▸ Task details
Make an exact transcript of the lines in the data below, starting with the one containing "Lancer Evolution 10 Hood Scoop" and going on through the one containing "-晶丽香榭自助餐(南京大饭店)", with both included and the pictures left out.

▸ Given entries
-------------------------

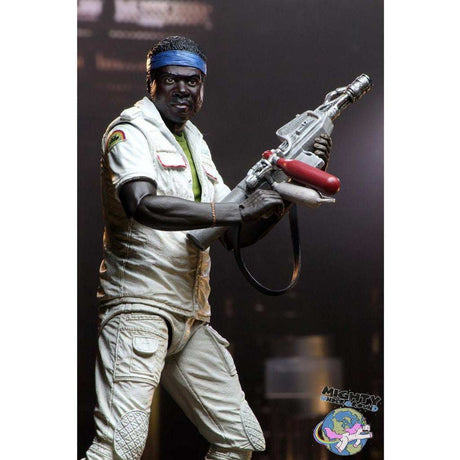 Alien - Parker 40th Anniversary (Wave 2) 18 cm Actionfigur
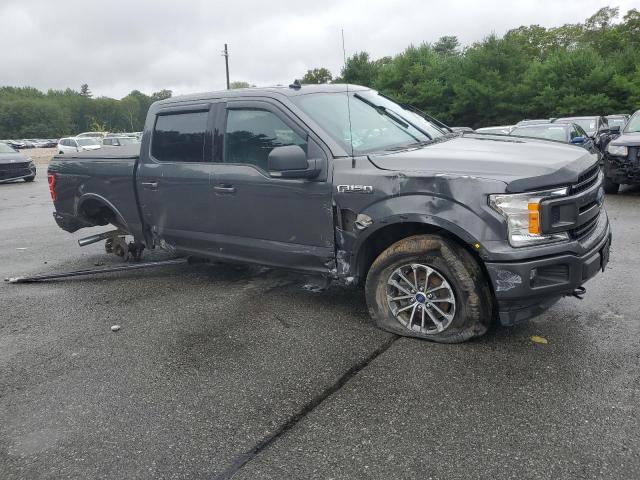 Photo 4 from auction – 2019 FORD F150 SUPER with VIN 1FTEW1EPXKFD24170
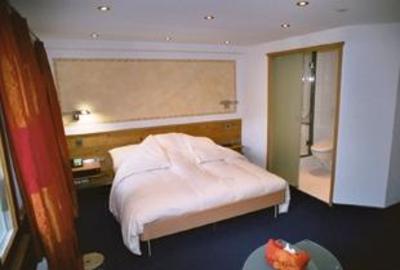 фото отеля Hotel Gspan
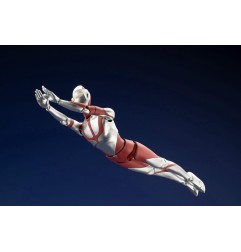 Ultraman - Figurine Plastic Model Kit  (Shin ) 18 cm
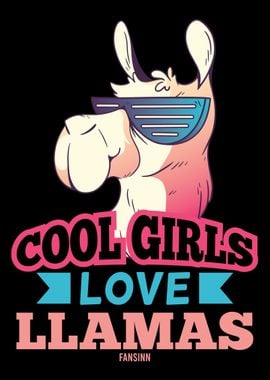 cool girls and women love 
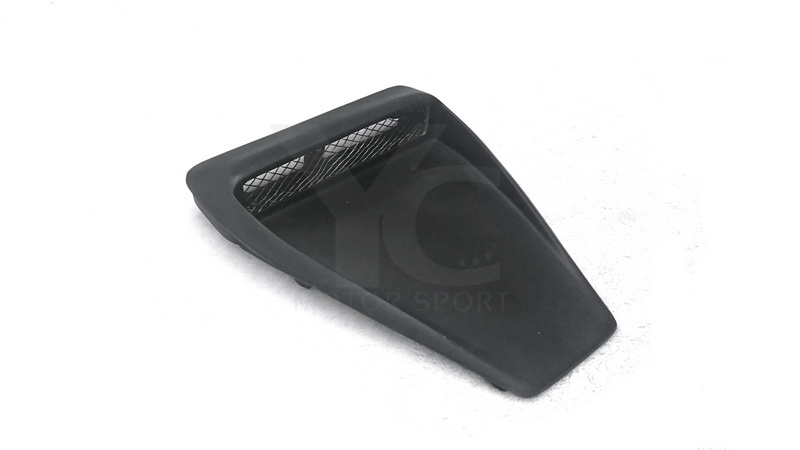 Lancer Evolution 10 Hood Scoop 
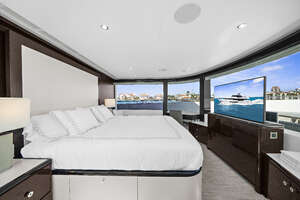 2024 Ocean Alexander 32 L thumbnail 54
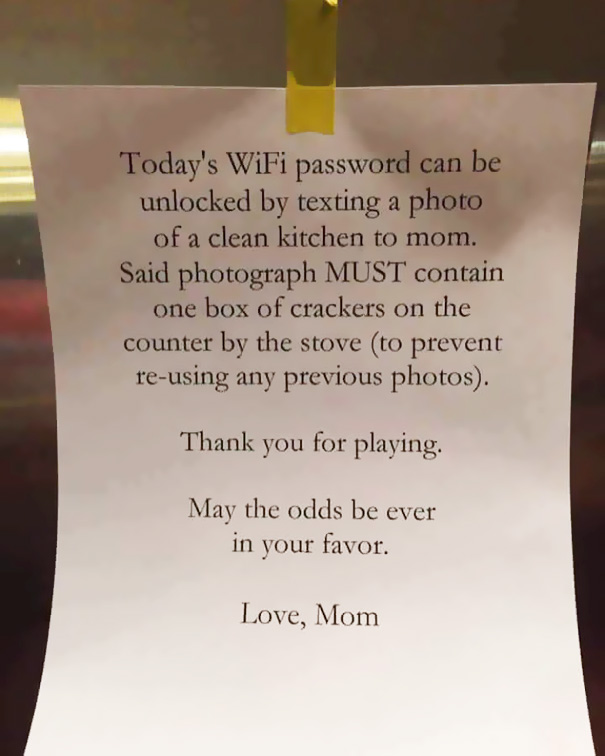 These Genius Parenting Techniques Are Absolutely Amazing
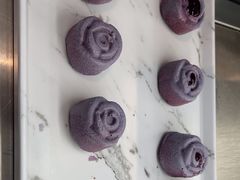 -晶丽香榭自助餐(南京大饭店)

-------------------------

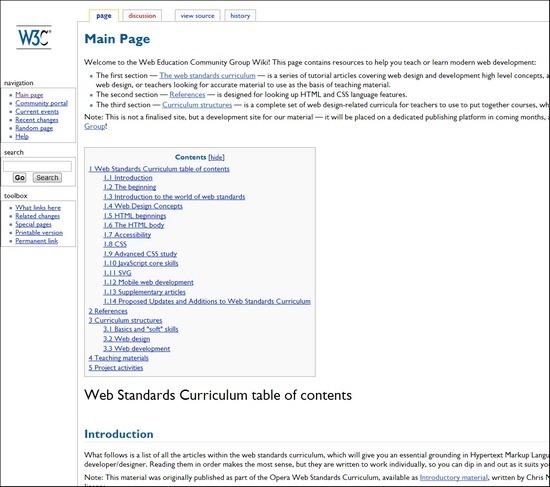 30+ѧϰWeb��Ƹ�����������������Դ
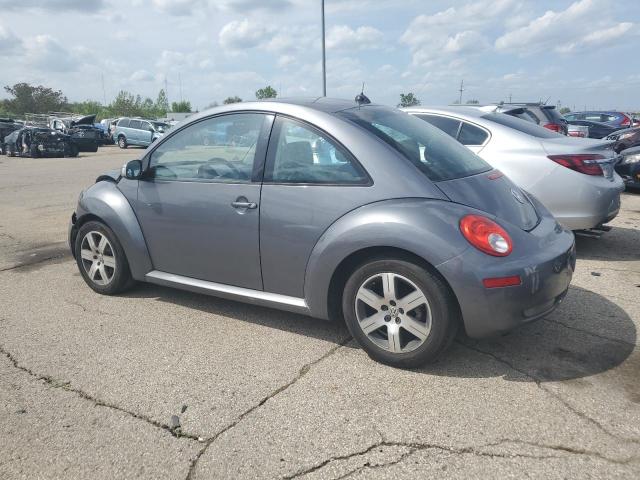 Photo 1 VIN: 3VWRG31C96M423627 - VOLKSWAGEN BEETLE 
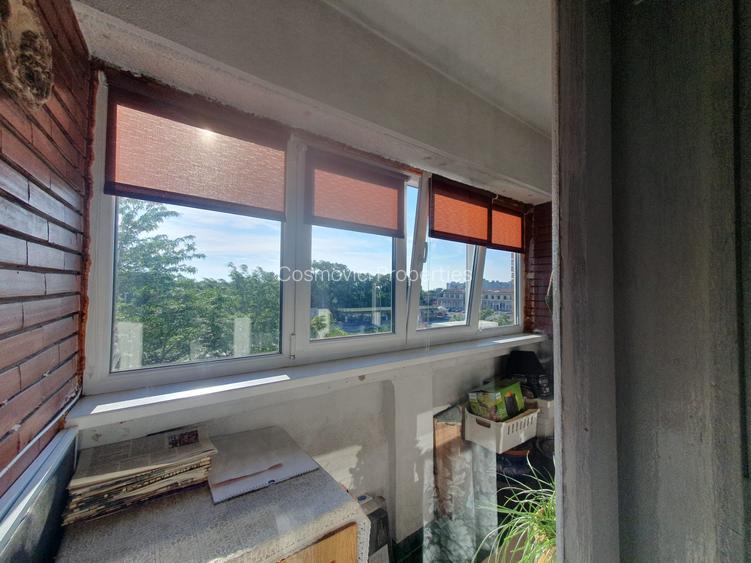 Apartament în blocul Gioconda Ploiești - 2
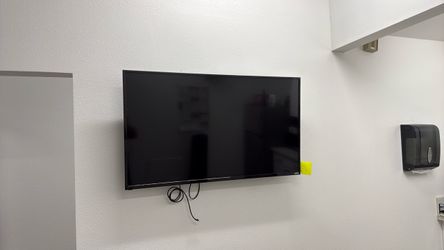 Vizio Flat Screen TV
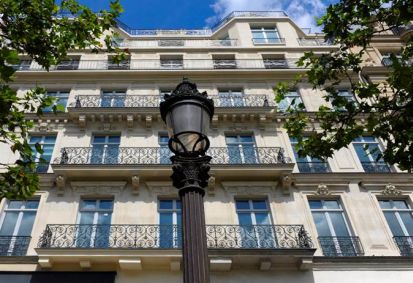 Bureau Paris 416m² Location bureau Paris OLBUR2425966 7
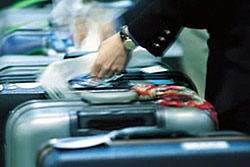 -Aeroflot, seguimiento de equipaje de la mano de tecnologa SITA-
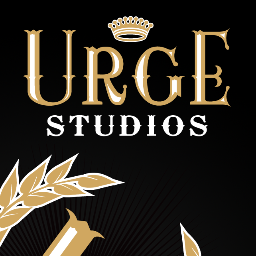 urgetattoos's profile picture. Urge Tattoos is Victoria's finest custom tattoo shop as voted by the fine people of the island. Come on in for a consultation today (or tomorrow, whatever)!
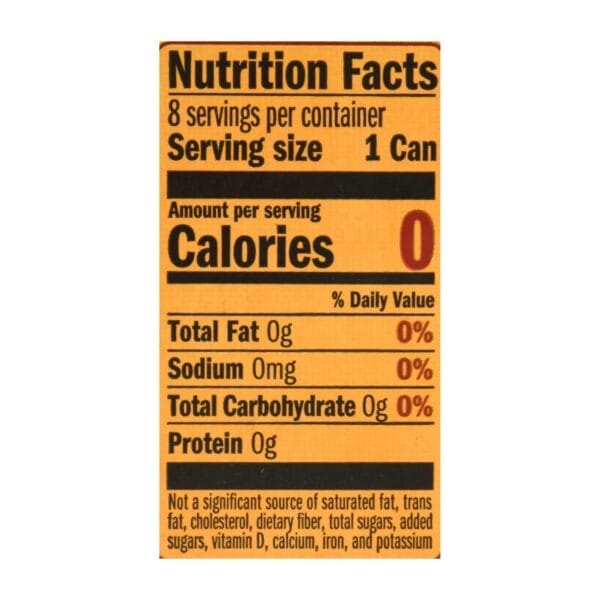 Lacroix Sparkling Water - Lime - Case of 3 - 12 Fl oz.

-------------------------

▸ Written response
 Lancer Evolution 10 Hood Scoop 
 2024 Ocean Alexander 32 L thumbnail 54
 These Genius Parenting Techniques Are Absolutely Amazing
 -晶丽香榭自助餐(南京大饭店)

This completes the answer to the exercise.